Jim Garrett became provost and chief academic officer of Carnegie Mellon University in January 2019. He is responsible for CMU's schools, colleges, institutes and campuses and is instrumental in institutional and academic planning and implementation. Garrett is committed to exploring and implementing innovations in education (especially related to modular education for residential and remote instruction), increasing access and affordability, ensuring student success, and building a diverse, equitable and inclusive community. Garrett is also a champion of sustainability, efficiency and effectiveness, overseeing a first-of-its-kind voluntary review of CMU’s Sustainable Development Goals (SDGs) in 2020.
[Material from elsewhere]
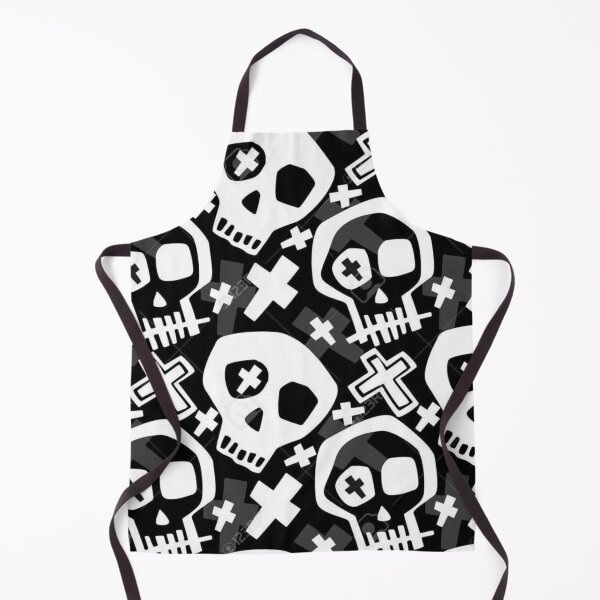 Item preview, Skully designed and sold by BerryBerryBaby.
Under his leadership as CMU dean of the College of Engineering from 2013 to 2019, the College issued a strategic plan in 2014 that outlined the five-year mission, vision and objectives for the trajectory of the College. The College also launched a comprehensive strategic plan for equity, diversity and inclusion that focused on the recruitment, inclusion and retention of underrepresented faculty and graduate students. This plan was executed over the next five years. On his watch, the College of Engineering climbed from a U.S. News & World Report (USNWR) Graduate School Rank of 7 to 4 and a USNWR Undergraduate Rank of 8 to 6.
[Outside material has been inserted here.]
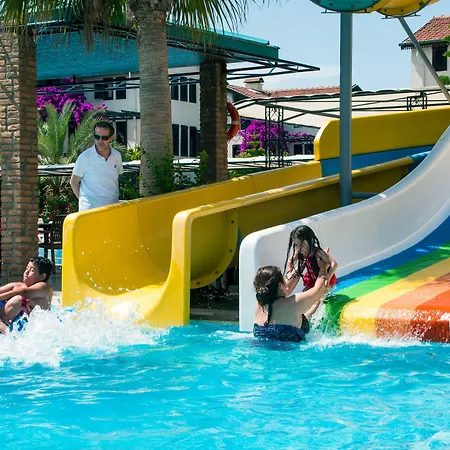 Belkon Отель Белек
Garrett engaged ANSYS, Inc. to support the creation of ANSYS Hall, a building in which students have space to design, simulate, build and test larger systems (a $25 million gift). While dean, the development and implementation of the Engineering Research Accelerator increased the College’s federal and industrial funding, boosted the number of interdisciplinary center-level proposals submitted and won, and diversified funding both in terms of source and size. In fiscal year 2017, the College experienced a marked increase in the number of multidisciplinary and multi-college proposals submitted and won $34 million worth of research center funding. During Garrett’s tenure as Dean, the CMU Africa campus in Kigali, Rwanda, which the College of Engineering founded and manages, continued to excel and today is a healthy and thriving academic endeavor with more than 40 faculty and about 300 MS students from over 20 African countries. It receives significant support from the Government of Rwanda and the Mastercard Foundation.